What is being asked:
Your answer should be an exact copy of the lines from the one containing "this 640×480 image." through the last line of the records below, without any pictures.

*** Opening of Given records ***

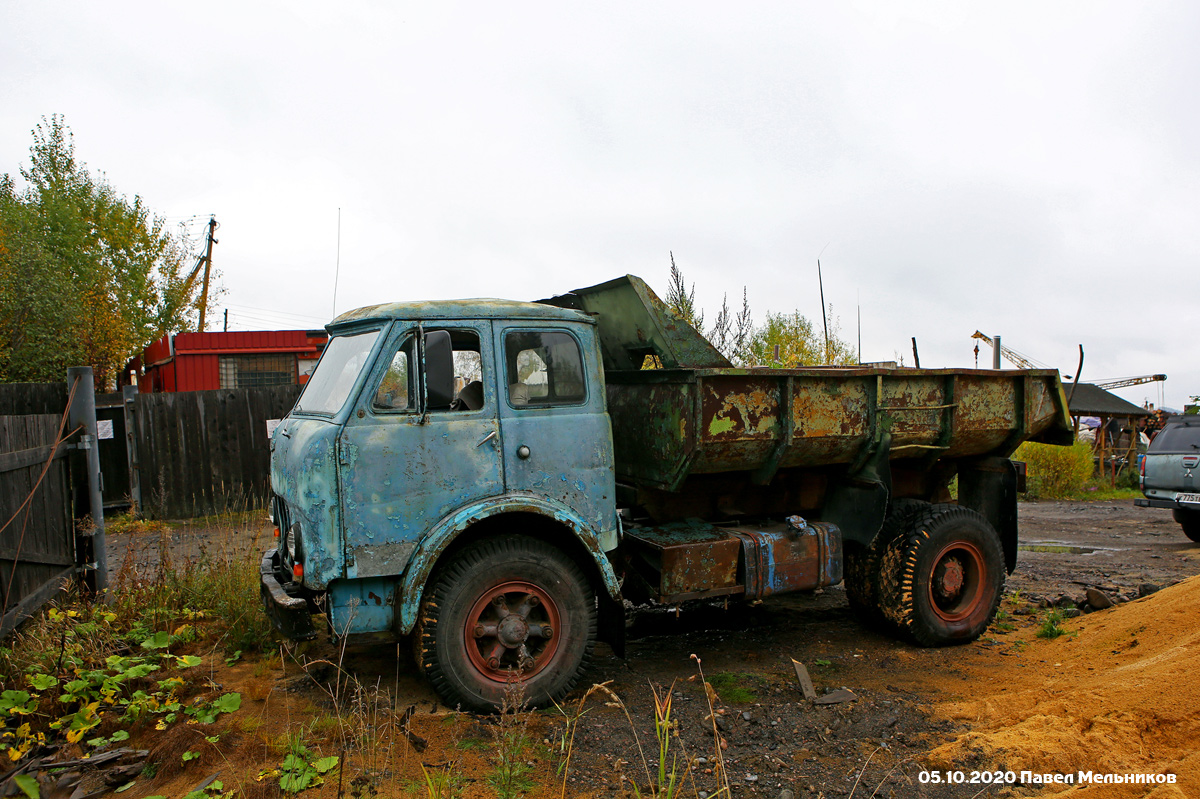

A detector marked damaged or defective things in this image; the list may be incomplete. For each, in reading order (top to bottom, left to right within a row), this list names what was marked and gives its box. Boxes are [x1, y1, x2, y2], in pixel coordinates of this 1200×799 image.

rusty dump truck [260, 275, 1070, 710]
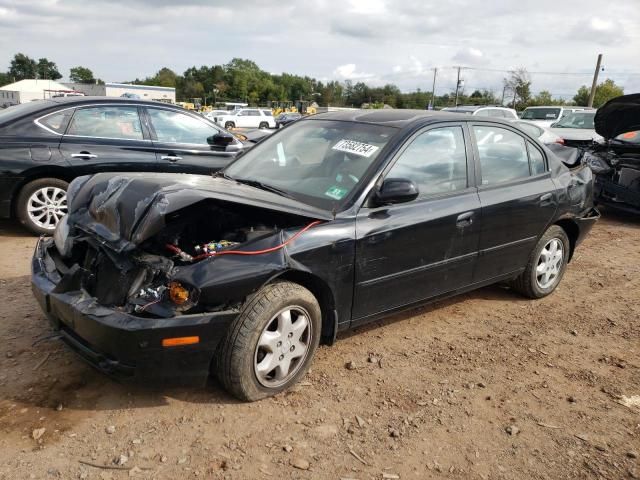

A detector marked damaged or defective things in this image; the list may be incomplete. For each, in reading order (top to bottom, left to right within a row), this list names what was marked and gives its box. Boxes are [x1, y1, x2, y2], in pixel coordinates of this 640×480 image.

damaged black sedan [31, 109, 600, 402]
damaged black sedan [584, 93, 640, 213]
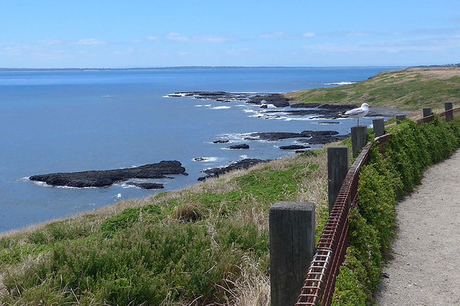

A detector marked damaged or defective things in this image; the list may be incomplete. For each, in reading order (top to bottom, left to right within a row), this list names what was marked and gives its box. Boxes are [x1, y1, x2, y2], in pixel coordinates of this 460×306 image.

*** Close of Given records ***

Problem solution:
A detector marked damaged or defective things in this image; the list may be incomplete. For each, in reading order (top to bottom, left to right within a row), this list names what was marked and gives its box. Boxes are [x1, y1, x2, y2], in pixel coordinates of this 640×480 image.

damaged black sedan [31, 109, 600, 402]
damaged black sedan [584, 93, 640, 213]

A detector marked damaged or defective things in this image; the list may be incomplete. For each, in reading order (top to bottom, left to right within a row), this list names what was marked and gives its box. Boxes are [x1, y1, x2, y2], in pixel coordinates of this 460×306 image.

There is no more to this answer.